Early fall is upon us here in the South and that familiar smell and feel to the air just gets your blood moving a little faster.
Some guys are running behind on getting their food plots planted for the fall because of weather, work, and all the other things that get in the way of getting down to the farm. There is still time to get some last minute food for your wildlife planted.
“Cool season plantings such as oats, triticale, winter peas, and annual clovers can come up fast with proper moisture and provide great early-season attraction.”
Cool season plantings such as oats, triticale, winter peas, and annual clovers can come up fast with proper moisture and provide great early-season attraction. Plantings in the brassica family, including rapes, turnips and radishes are great for mid- to late-season attraction. Blends that include multiple cultivars can be very effective for an all-season plot.
I have grown very fond of using a cool-season cereal grain like oats or triticale at about ¾ rate and adding radishes at ¼ to a ½ rate. In pounds per acre, this translates to 65- to 75-pounds of grains and three- to five-pounds of radishes per acre.
This has proven to be a deadly combination for a southern killing plot.
Seed Bed Preparation
Seed bed preparation is extremely important in growing successful food plots. Many planting failures can be attributed to poor seedling survival or lack of germination due to incorrect planting depth and poor seedbed prep.
This is especially critical when planting small seeds such as clover, chicory, brassicas, or alfalfa. These seeds need a covering of no more than ¼ inch of soil. Oftentimes, when plots are disked or tilled, the seedbed is left fluffy and is not conducive for small seeds to germinate.

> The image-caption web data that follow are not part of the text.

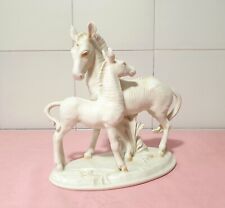 Karl Ens Statuina in fine porcellana tedesca XX sec. Cavallo con puledro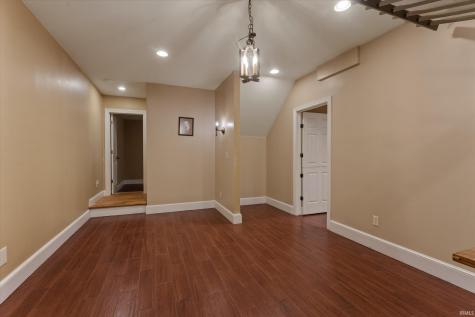 21816 Locust Bend Court South Bend IN 46628
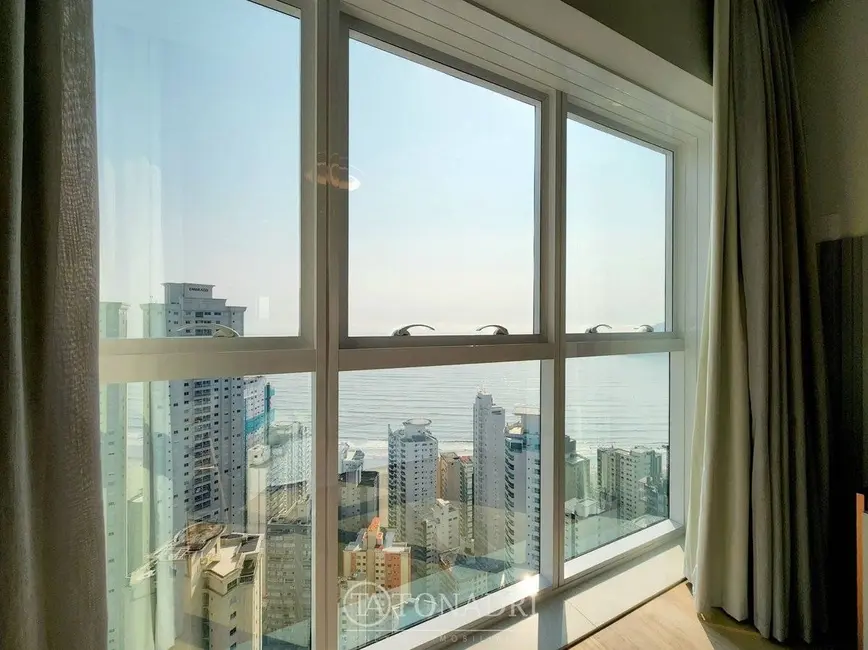 Apartamento com 4 quartos à venda, 277m2 em Centro, Balneario Camboriu - SC - imagem 9 Foto 9 de Apartamento com 4 quartos à venda, 277m2 em Centro, Balneario Camboriu - SC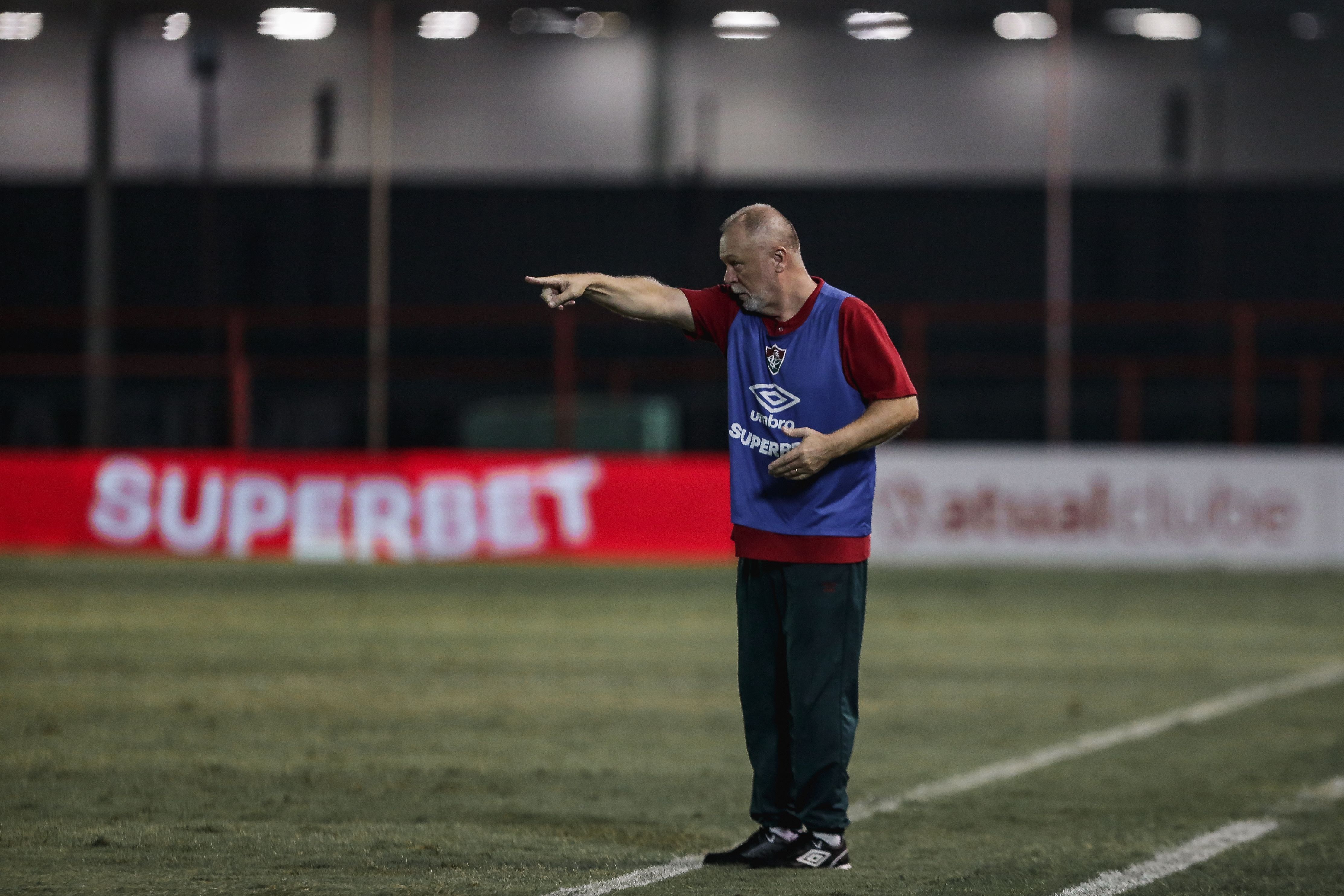 Mano revela preparação de Cano para voltar em grande estilo ao Fluminense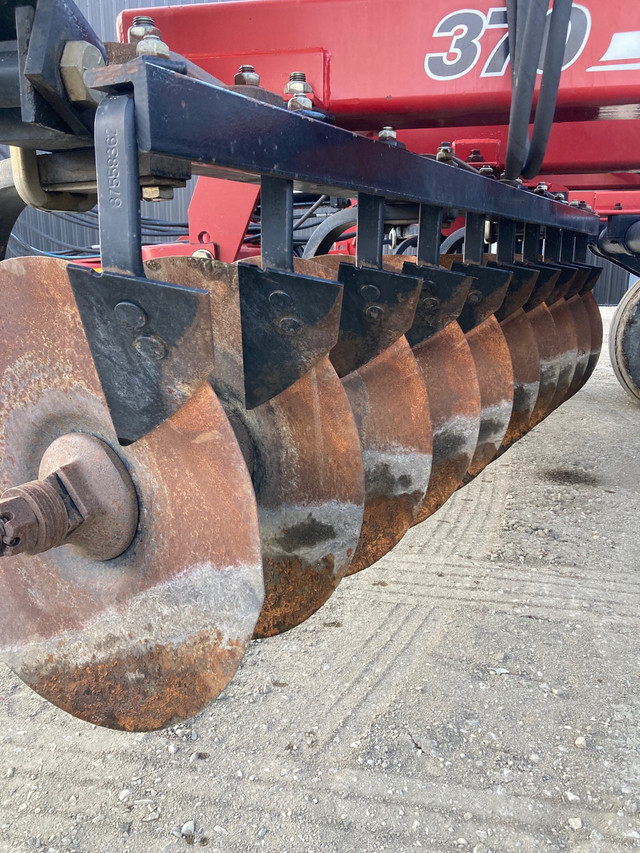 2011 Case IH RMX370 34ft Tandem Disk with Harrows  in Farming Equipment in Brandon - Image 4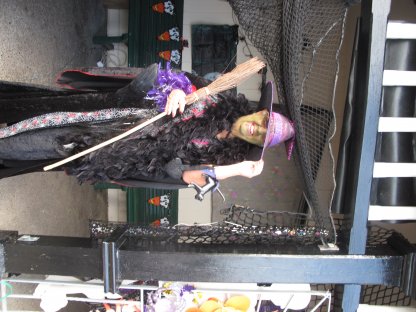 WEYMOUTH: Fun in the gardens for young witches and ghosts WEYMOUTH: Fun in the gardens for young witches and ghosts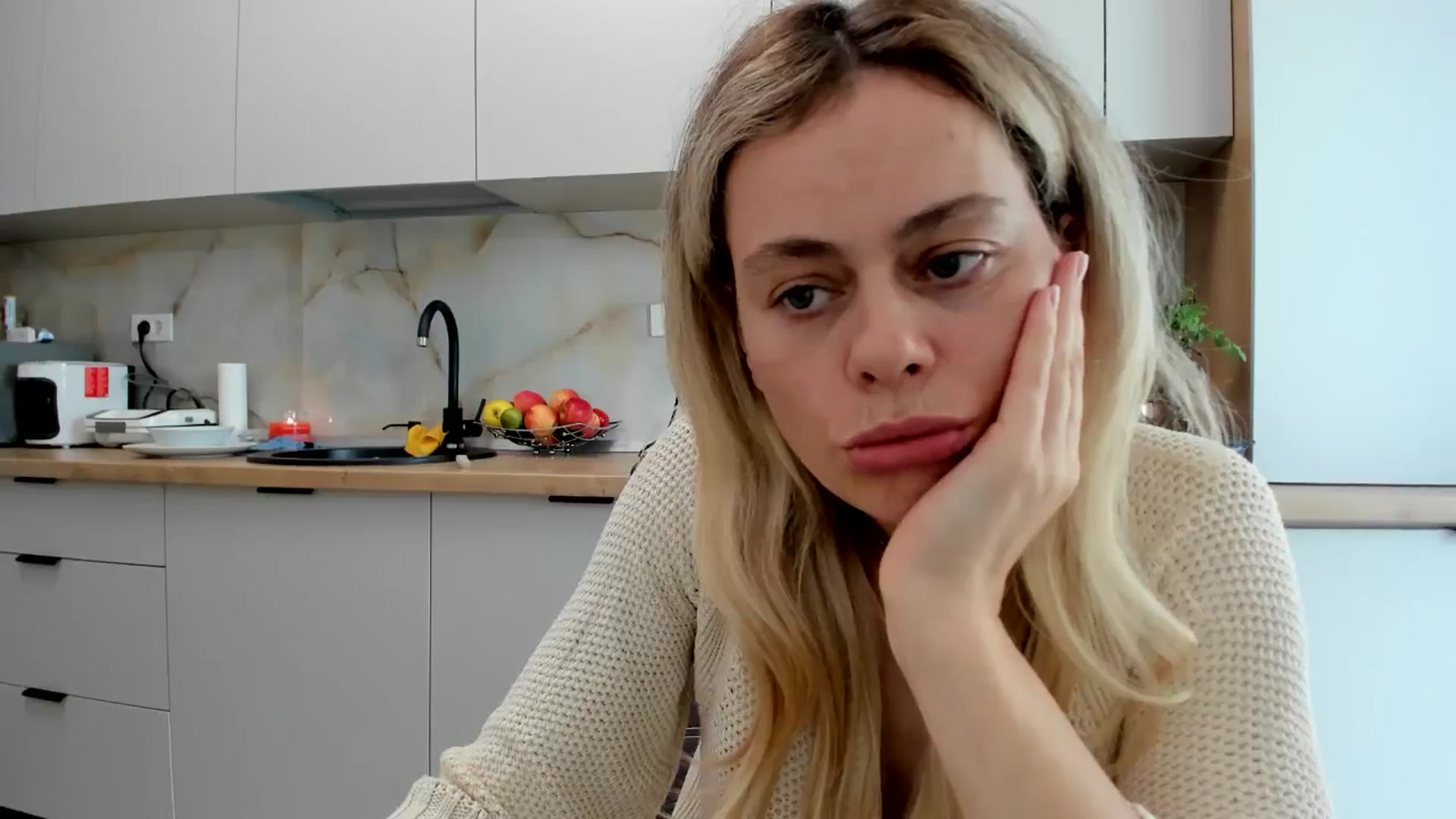 Gallery image thumbnail from DebbyPaige's myfreecams stream on, 05/22/2024, 11:13 image 8 of 20
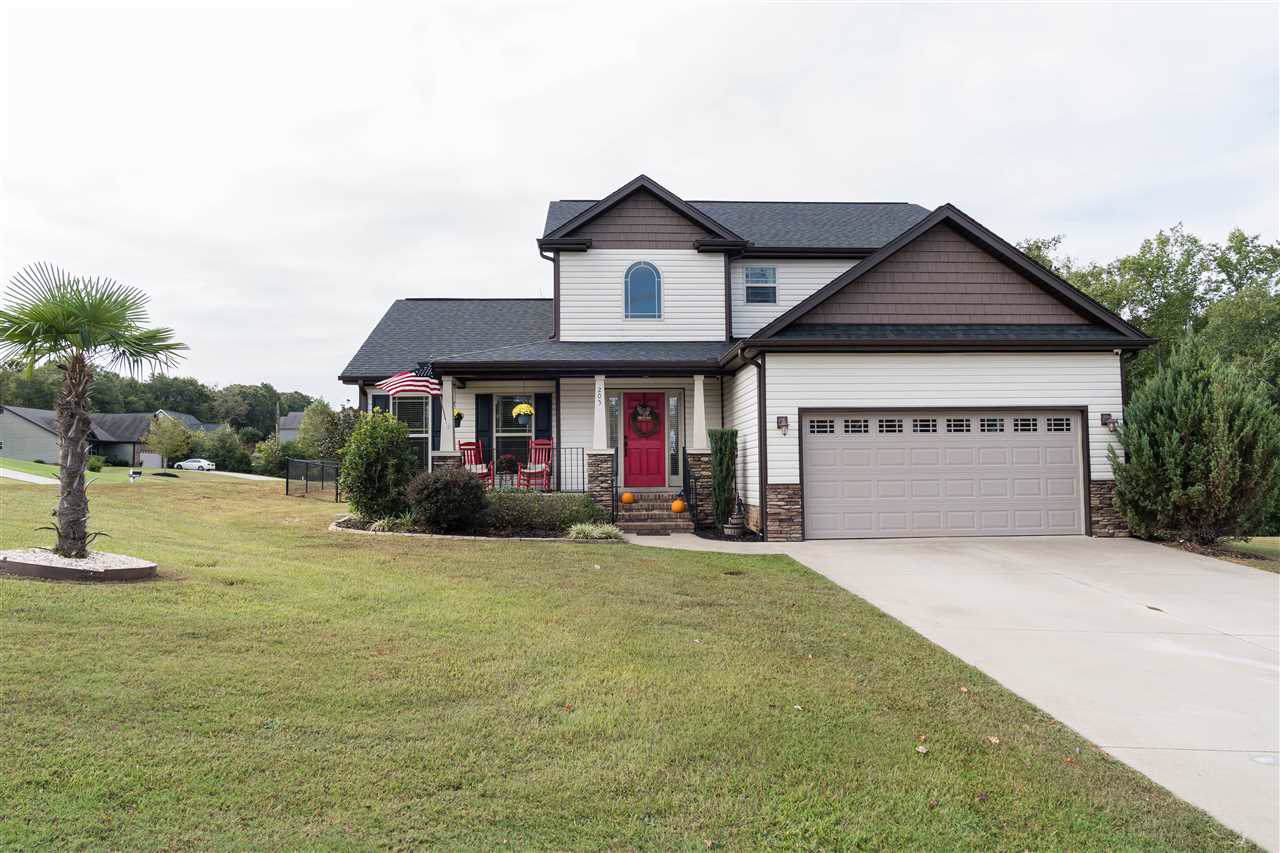 205 Glendower Lane - Photo 1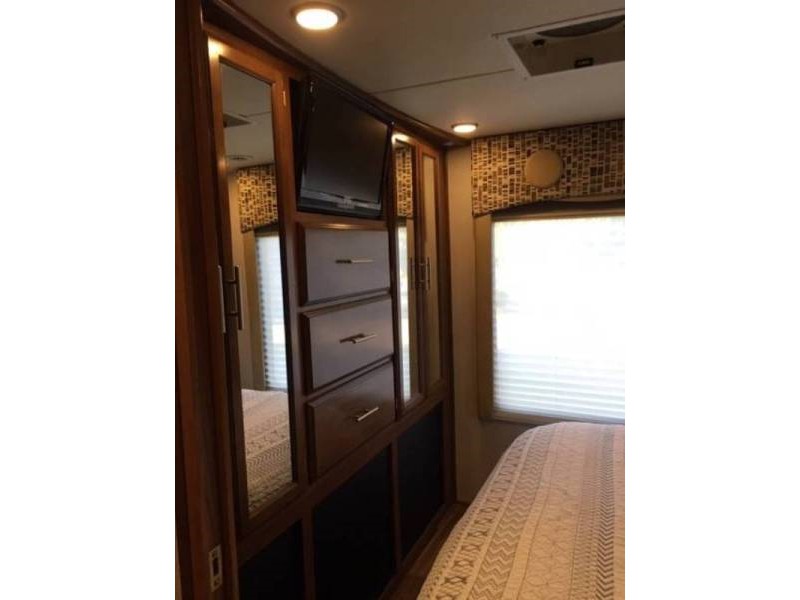 2013 Coachmen Concord 300TS - 022
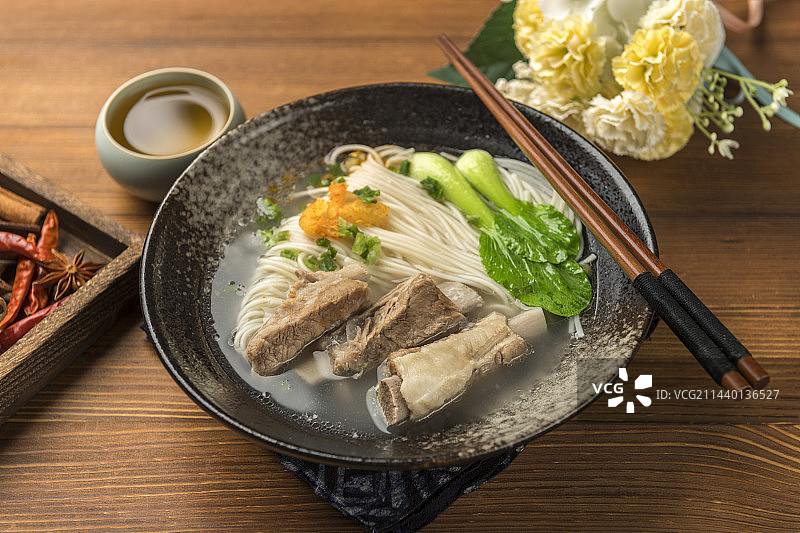 一碗排骨面摆放在桌面上特写图片素材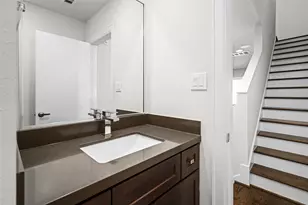 312 Eado Park Cir, Houston, TX 77020 - Photo 23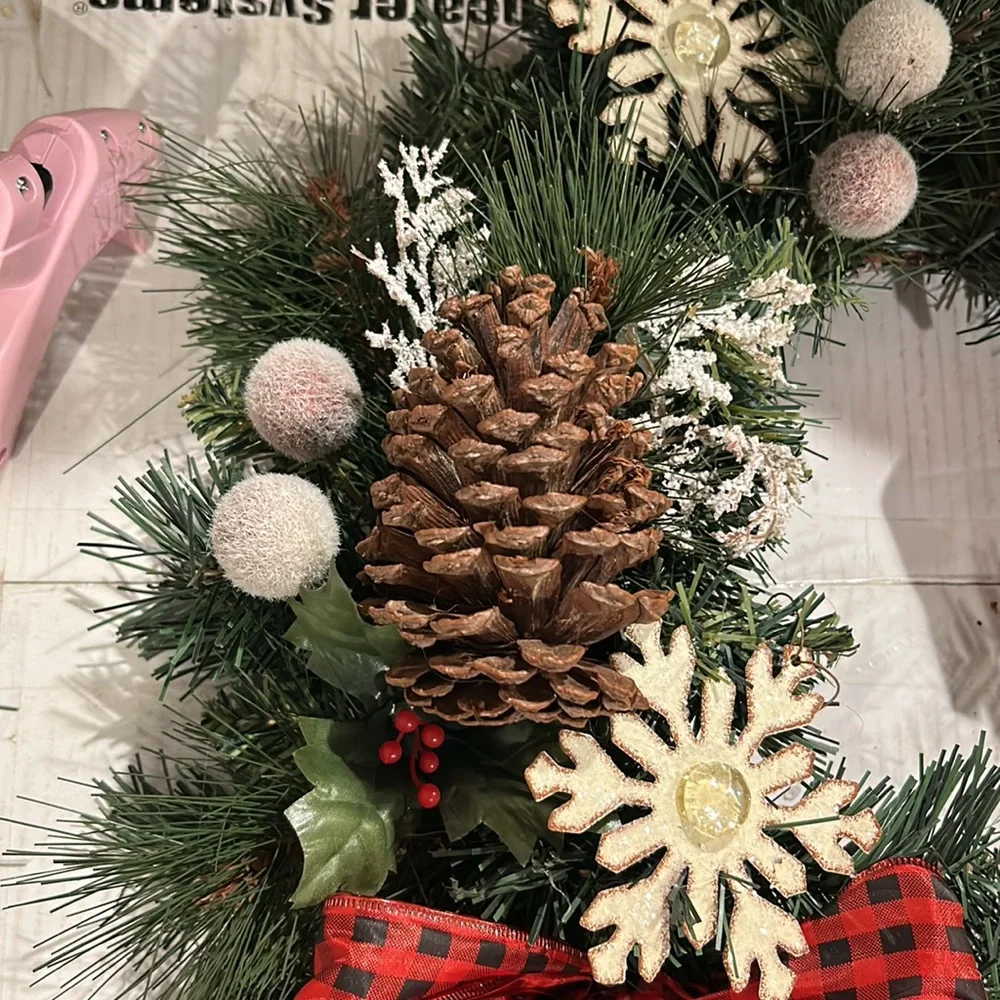 Large Artificial Winter Rustic Snowflake Evergreen Wreath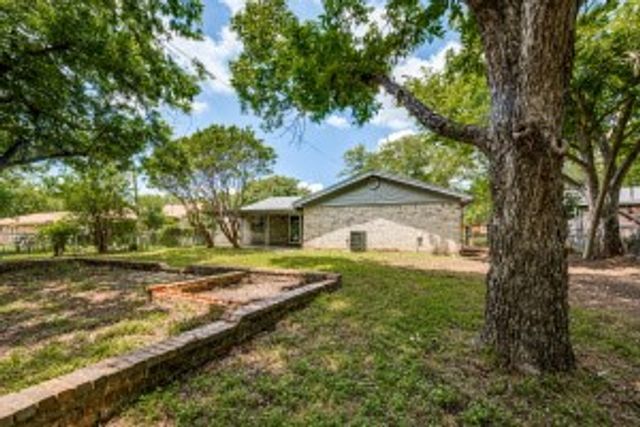 7821 Kermit Avenue, Fort Worth, TX 76116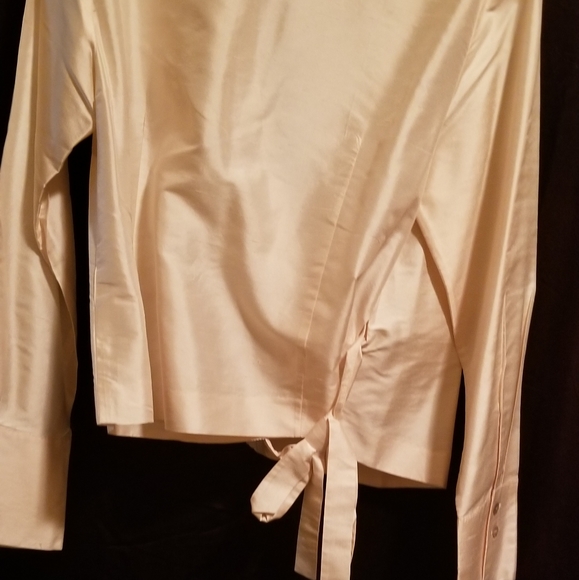 Silk wrap blouse - Picture 4 of 6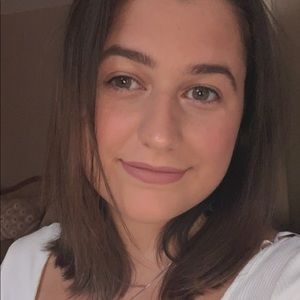 Meet your Posher, Valmira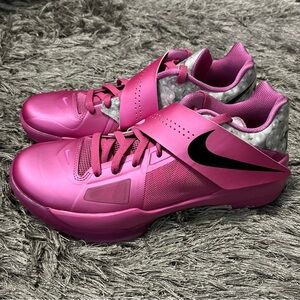 Nike KD 4 Aunt Pearl | Size 8.5 Mens | Pink | HF9098-600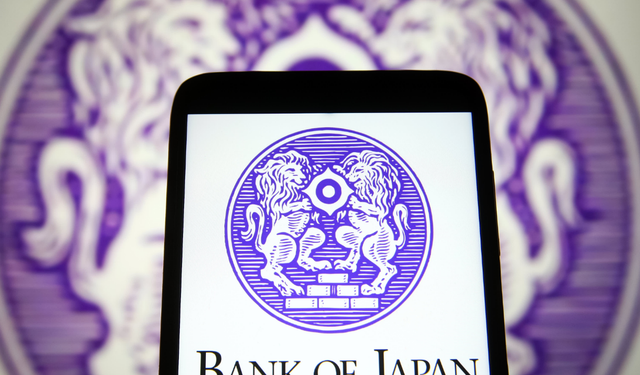 BOJ, tarifelerin etkisiyle büyüme tahminini düşürecek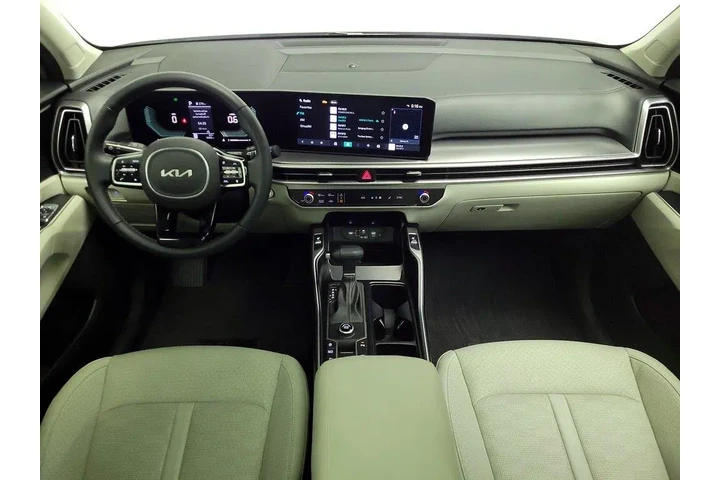 $33998 : Kia Sorento 2025 S 4dr SUV image 9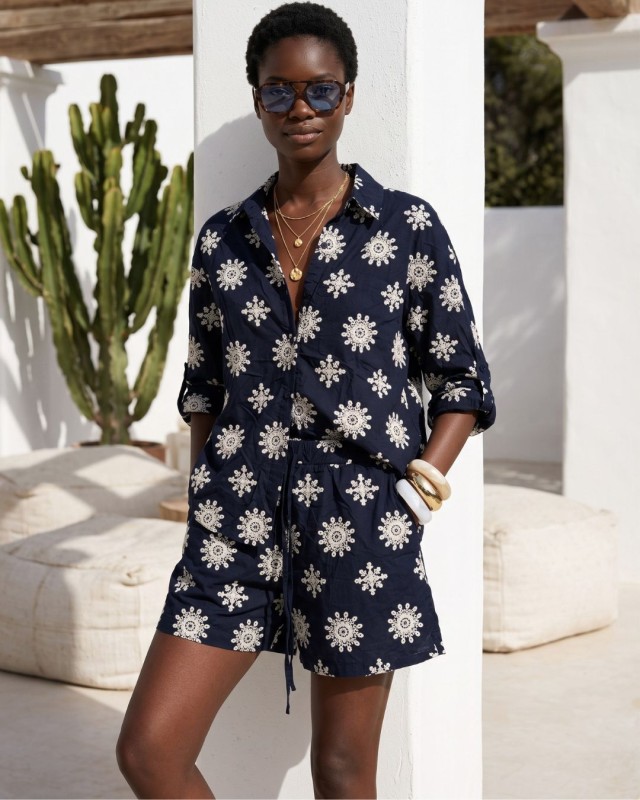 Dark Oasis Embroidered Set dark blue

Many times when small seeds are broadcast onto a very finely disked and fluffy seed bed, even a moderately heavy rain causes some seeds to be buried too deeply and results in an uneven stand.
Ideally, when planting smaller seeds, fields should be cultipacked after disking or tilling to firm the seedbed up. Seed can then be broadcast. And for the best seed-to-soil contact, fields can then be cultipacked again.
This process creates a great environment for seedling survival by incorporating the seed at the proper depth. Cultipacking also allows moisture to move through the soil profile properly and keeps moisture around the seed as it germinates.
Leaving a seedbed unpacked and full of air space allows the soil to dry out much more rapidly and increases the chance of plot failure.
Fertilizing Food Plots
When consulting on properties and answering emails, a question I get so often is “What kind of fertilizer do I need to use on my plots?”
That is a loaded question and one with a lot of variables. There is no substitute for an up-to-date soil test that gives pH and nutrient levels. Adding agricultural lime to neutralize the acidity of the soil is an often overlooked step but one that is a major factor in growing good crops.
For example, a soil with a pH level of 5.0 is 100 times more acidic than one at 6.0. At a level of 5.0, 60-70% of the fertilizer added is unusable by the plants. Not only will food plot crops grow better in a less-acidic soil, deer will also utilize the crops better due to a better tasting plant.
For most all food plot crops—both warm and cool season—a pH of 6.2 to 7.0 is ideal.
Many hunting clubs and individuals work on a pretty tight budget when it comes to planting food plots. When soil tests reveal a low pH level, money is much better spent on getting the appropriate amount of lime added to the soil rather than more fertilizer.